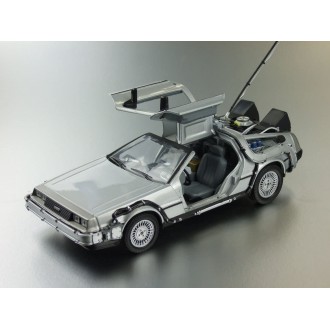 Welly Delorean Time Machine Back To The Future 1 OUTATIME 1/24 Scale 22443W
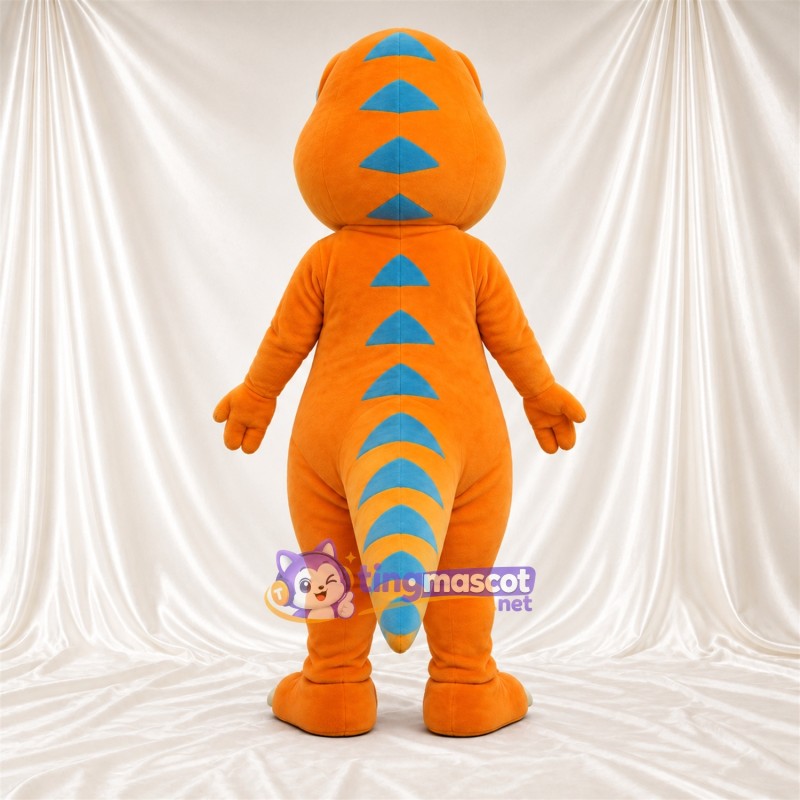 Costume de mascotte Dinosaure – orange – Épines Costume de mascotte Dinosaure – orange – Épines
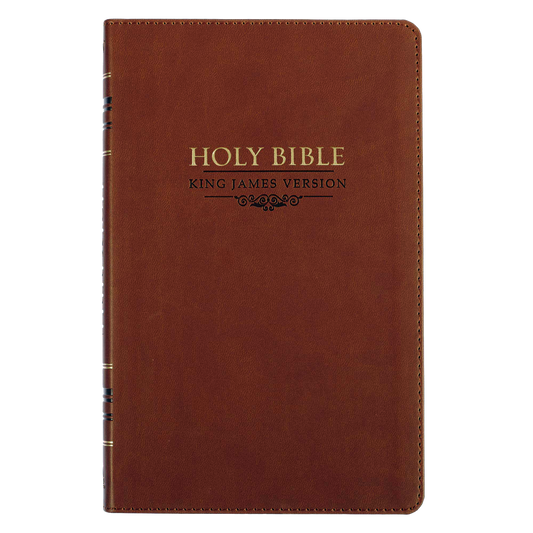 Saddle Tan Faux Leather Gift Edition King James Version Bible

* [What to work on] Would you print the listing above in full, exactly, but with no pictures?

* [Solution to this task]
 Welly Delorean Time Machine Back To The Future 1 OUTATIME 1/24 Scale 22443W
 Costume de mascotte Dinosaure – orange – Épines Costume de mascotte Dinosaure – orange – Épines
 Saddle Tan Faux Leather Gift Edition King James Version Bible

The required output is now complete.